Brief descriptive captions:
::::::::::

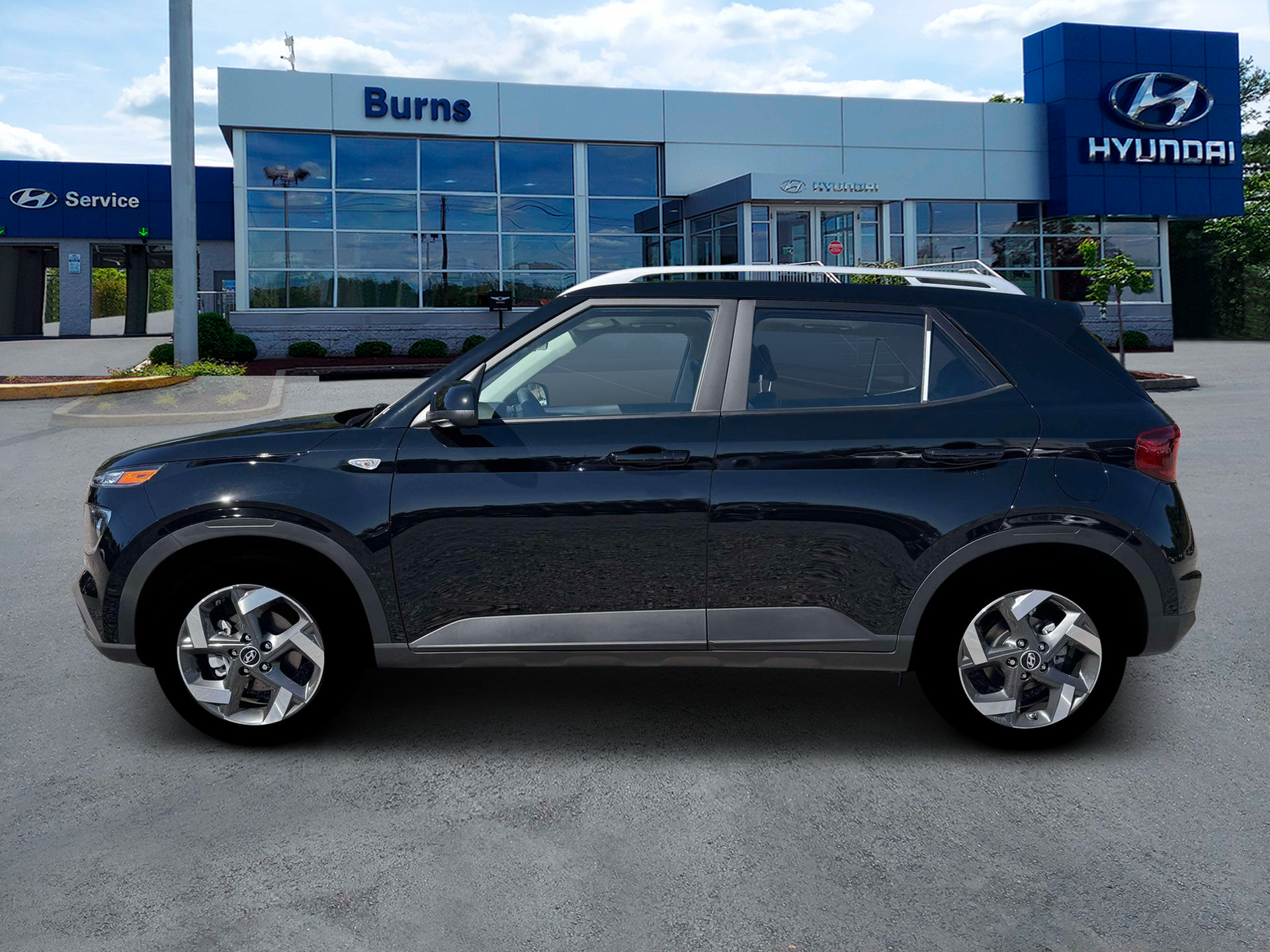 New 2026 Hyundai Venue SEL FWD image 3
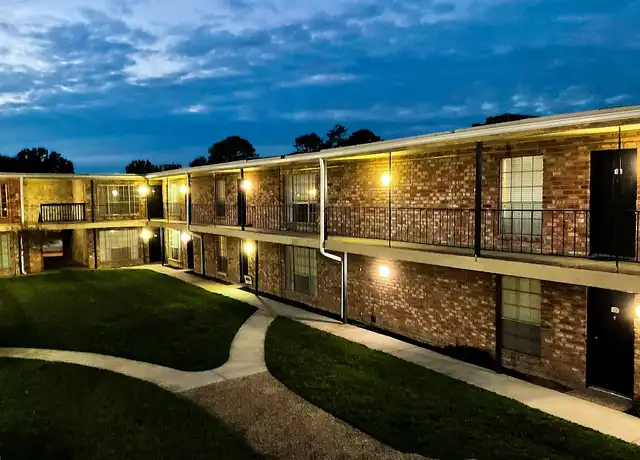 Property at Bateswood Manor Apartments - 788 Bateswood Dr, Houston, TX, 77079, 1-2 bed, 1-2 bath, [object Object]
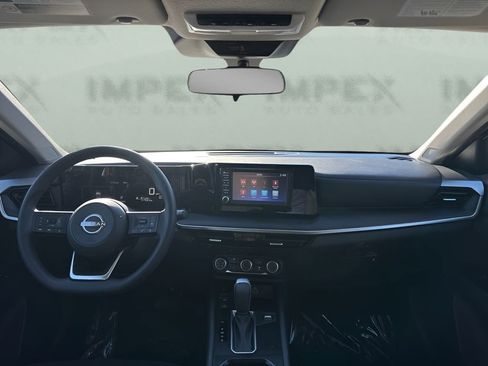 Used 2025 Nissan Kicks S image 11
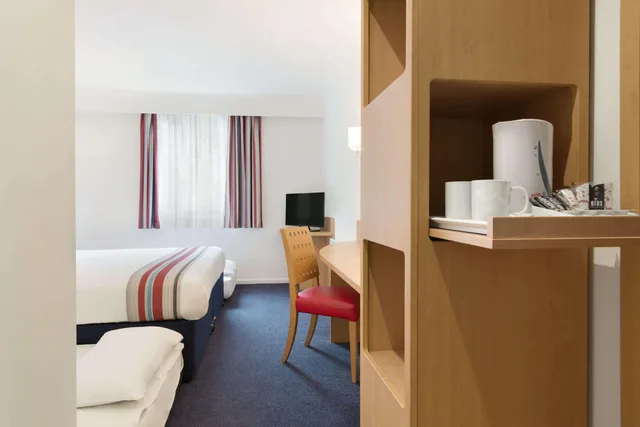 غرفة عائلية بسريرين منفصلين مع أريكة، Ramada by Wyndham Wakefield 1/1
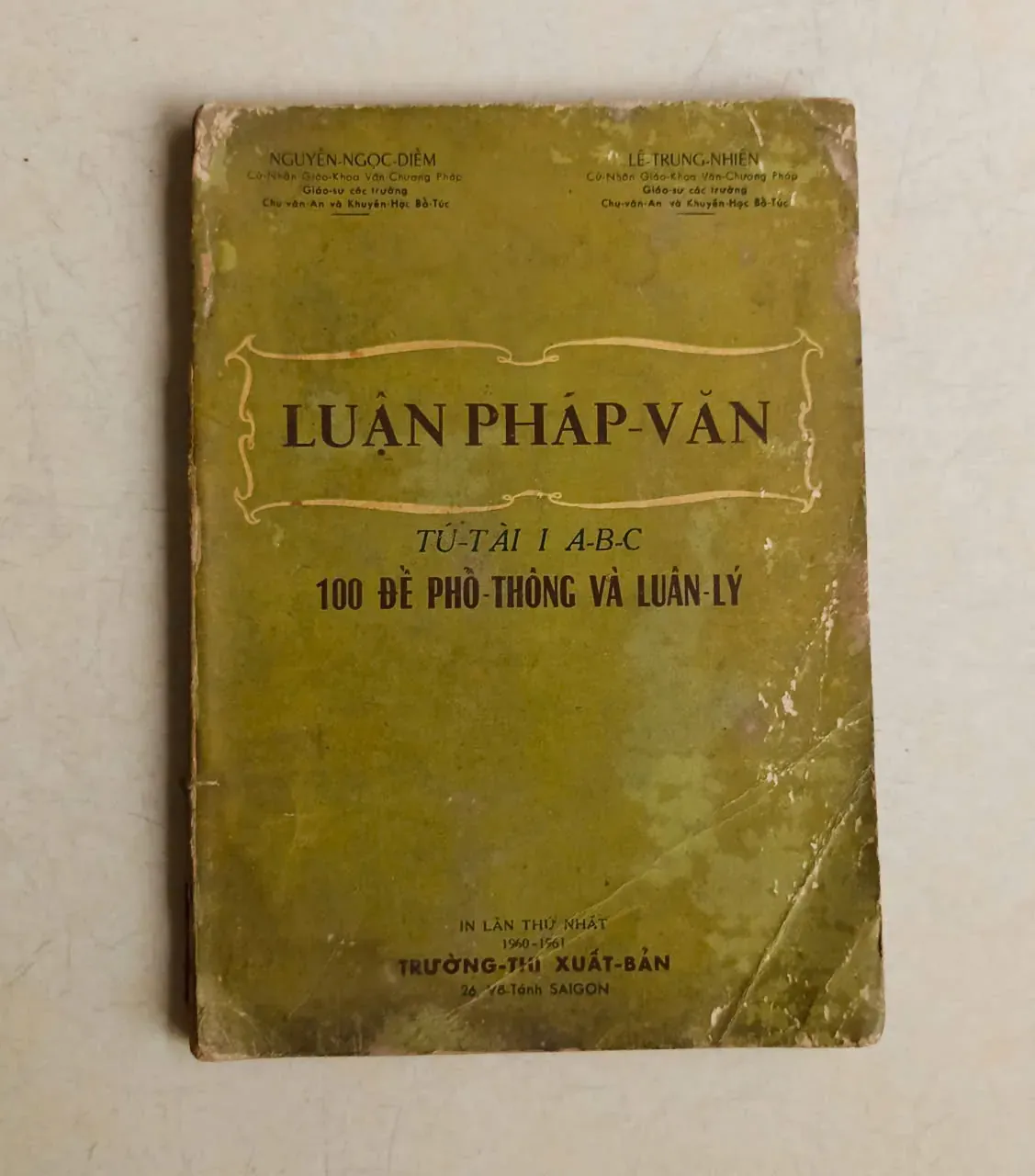 Luận pháp văn 🌻 by  - Sách Book Cover - Ngọc Hiển Books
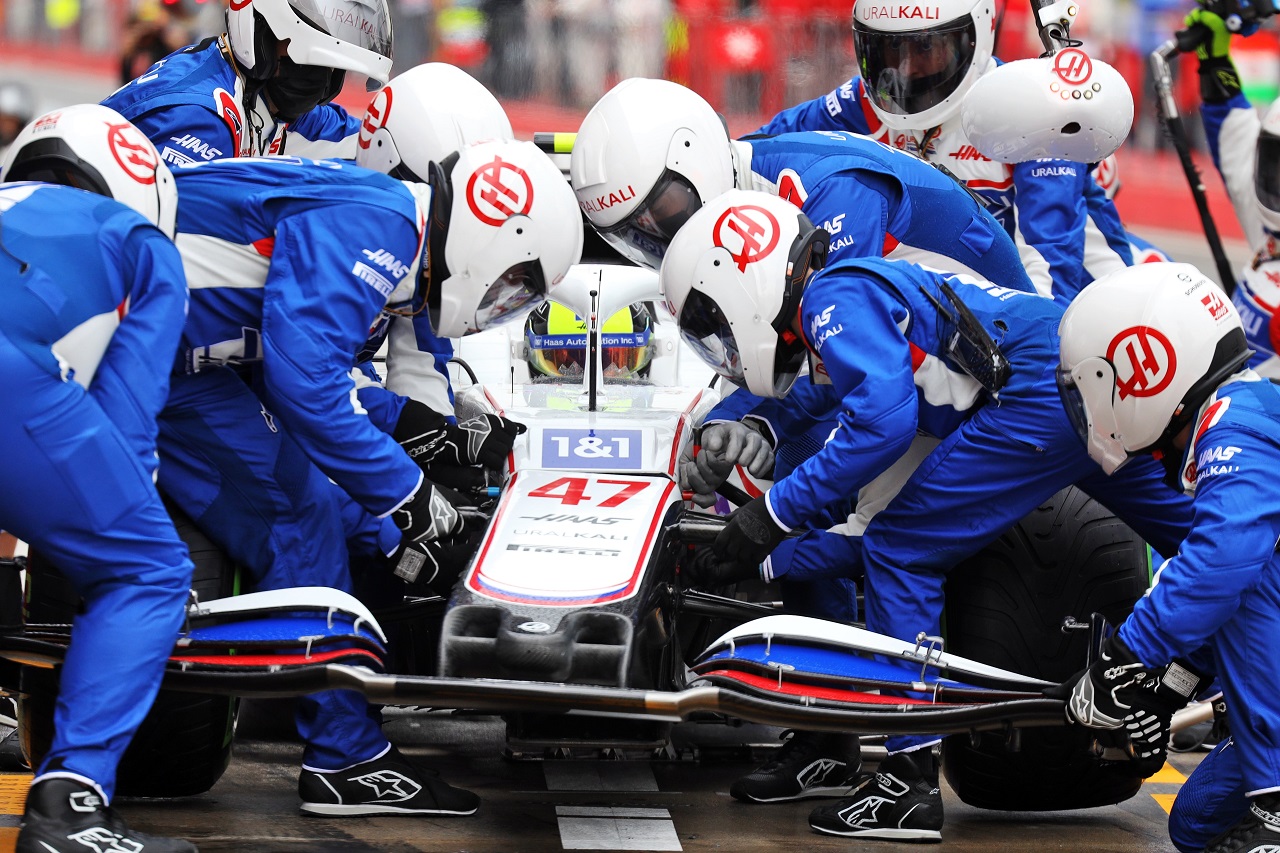 2021年F1第2戦エミリア・ロマーニャGP　ミック・シューマッハー（ハース）がスピンの後、ノーズ交換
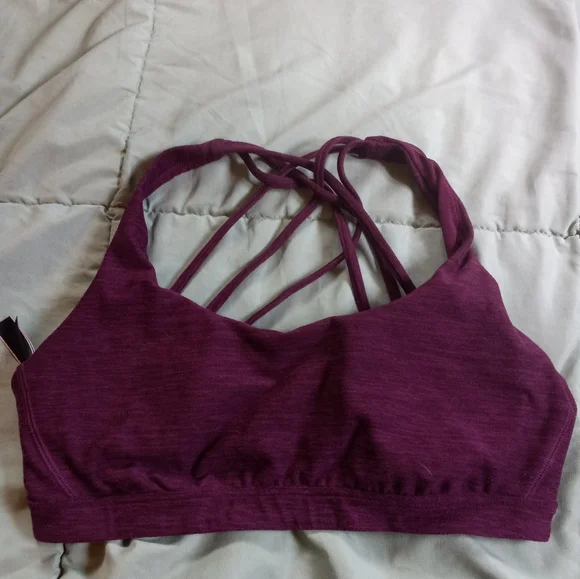 Victoria's Secert bra - Picture 4 of 8
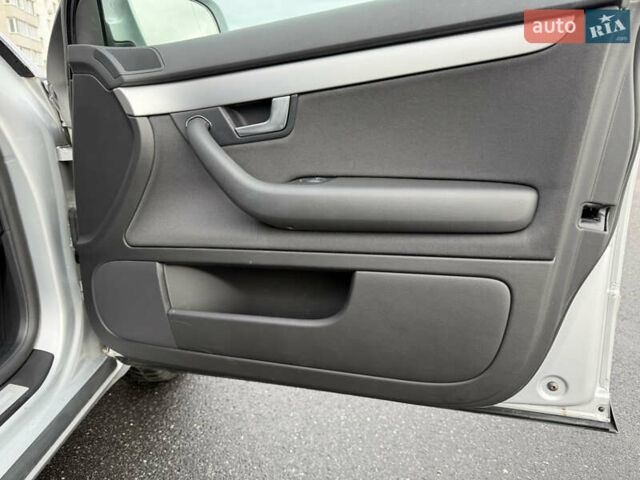 Сірий Ауді А4, об'ємом двигуна 1.6 л та пробігом 176 тис. км за 7999 $, фото 69 на Automoto.ua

::::::::::

What you will do> What is needed is an exact repetition of every line from the line with "Used 2025 Nissan Kicks S image 11" to the end of the data above, both ends included, with no pictures.

Result below>
 Used 2025 Nissan Kicks S image 11
 غرفة عائلية بسريرين منفصلين مع أريكة، Ramada by Wyndham Wakefield 1/1
 Luận pháp văn 🌻 by  - Sách Book Cover - Ngọc Hiển Books
 2021年F1第2戦エミリア・ロマーニャGP　ミック・シューマッハー（ハース）がスピンの後、ノーズ交換
 Victoria's Secert bra - Picture 4 of 8
 Сірий Ауді А4, об'ємом двигуна 1.6 л та пробігом 176 тис. км за 7999 $, фото 69 на Automoto.ua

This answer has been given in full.